In isolation, Britain voting to exit the European Union isn’t expected to have too profound of an effect on global markets.
However, the big risk is actually the likelihood of contagion — the UK’s successful exit could encourage other EU countries such as Spain, France, Greece, etc. to follow the UK's lead and leave. This would have negative economic effects for both Europe and the rest of the world, due to the turmoil it would cause.
The first thing to note about this possibility is that there would likely be a waiting period after the Brexit vote. This is because other eurosceptic countries would want to see what happens to the UK, and what sort of trade deal they end up getting, before they have their own referendums. This would take a minimum of two years, but may take even longer. Canada initiated negotiations for a free trade agreement with the EU back in 2009, and it has still not been ratified.
Morgan Stanley maps out the 4 possible Europe wide repercussions in the chart below:
The absolute worst possible outcome is where Europe breaks up, and the euro itself ceases to exist, which is in the bottom left corner. In such a scenario, Morgan Stanley sees European markets falling as much as 25%-30%, and the euro weakening significantly. However, this is a worst-case scenario.
Morgan Stanley isn't alone warning about this possibility. Bond fund manager Jeffrey Gundlach, whose base-case scenario is for Britain to vote "remain," says that a "leave" vote would be "the beginning of the end of the euro zone."
The risk for Brexit emboldening euroscepticism is also very real — Pew Research found the unfavorability rating for the EU in multiple countries is already worryingly high.
France is especially problematic, given that it is the second largest economy in the EU. The other two big economies, Germany and Spain, are also essentially even in terms of favorability.

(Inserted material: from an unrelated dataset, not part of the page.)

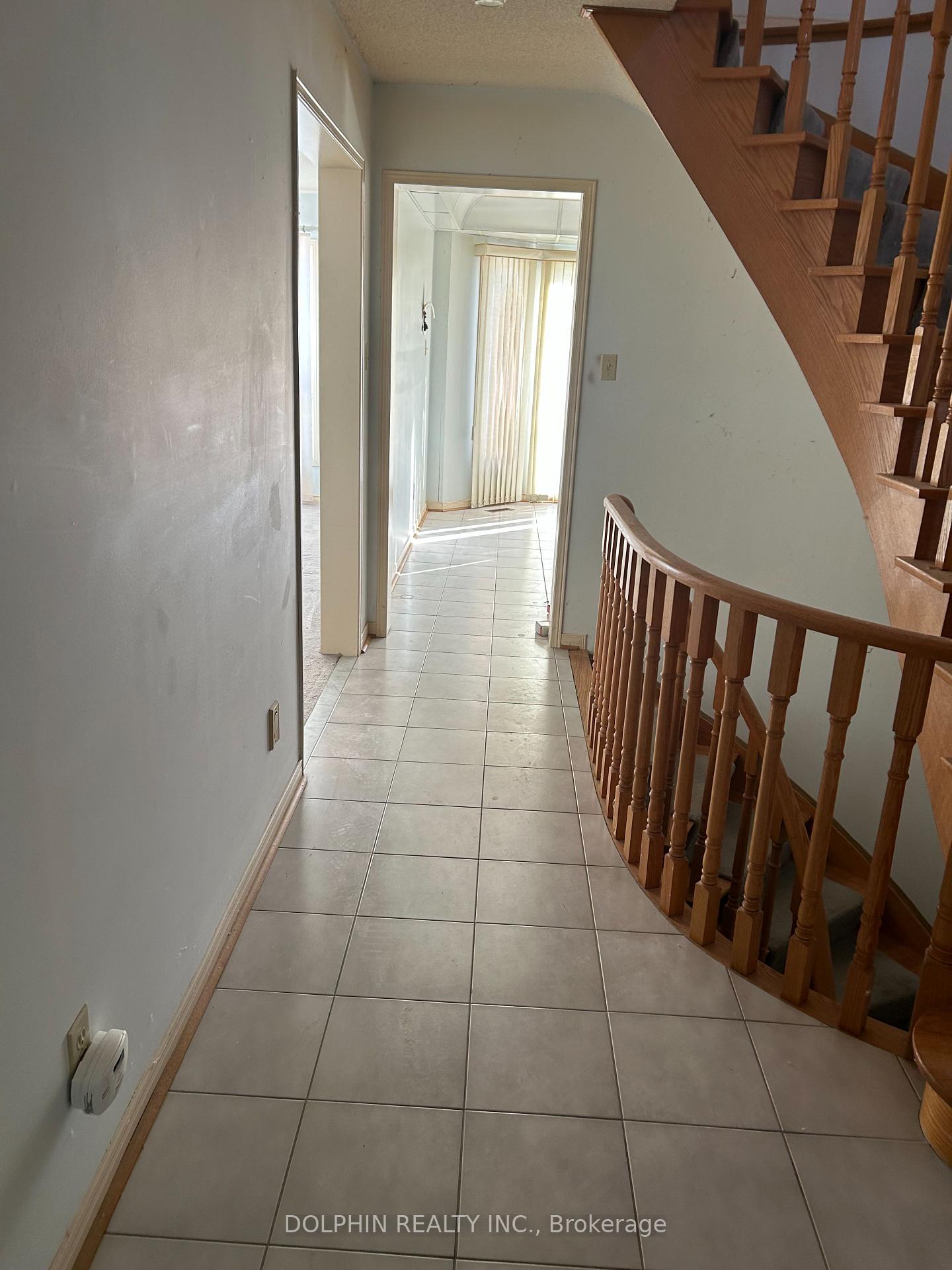 Photo 4 of 115 Elson Street, Markham, Middlefield — HOMEH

"The potential for additional referendums could be more disconcerting if it threw the notion of a unified European economy into doubt," Citigroup analyst Tobias Levkovich said. "In this respect, the Brexit vote itself is less important than a series of follow-on votes around the Continent."
Despite this, Pew did find that a very large majority, around 70%, of the overall EU population still believes that Brexit would be bad for the EU. People may disapprove of how the EU is doing right now, but that doesn’t necessarily mean they want to leave it just yet.

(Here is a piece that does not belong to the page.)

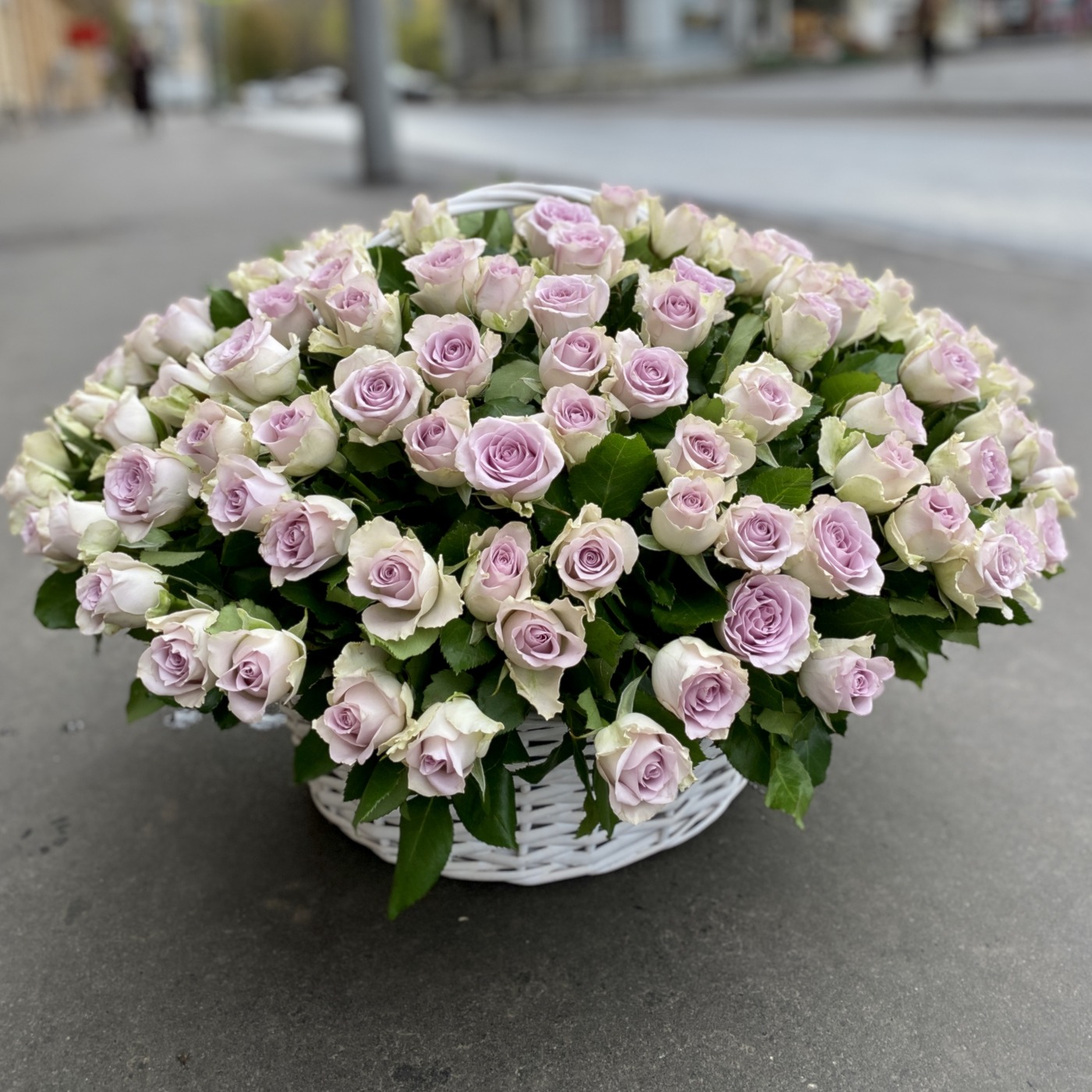 201 сиреневая роза в корзине | купить недорого | доставка по Москве и  области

Given that actual referendums aren’t likely to take place until people see more the longer-term results of Brexit, tracking negative sentiment towards the EU over the coming months (regardless of which way the vote goes) is critical for all investors.
In fact, Levkovich believes increasing euroscepticism would likely be a big negative for American investor sentiment as well, even though the US’s direct sales exposure to Europe is not incredibly high.
So, while there are plenty of ways to downplay the Brexit vote, there seems to be no shortage of uncertainties that are being born out of it.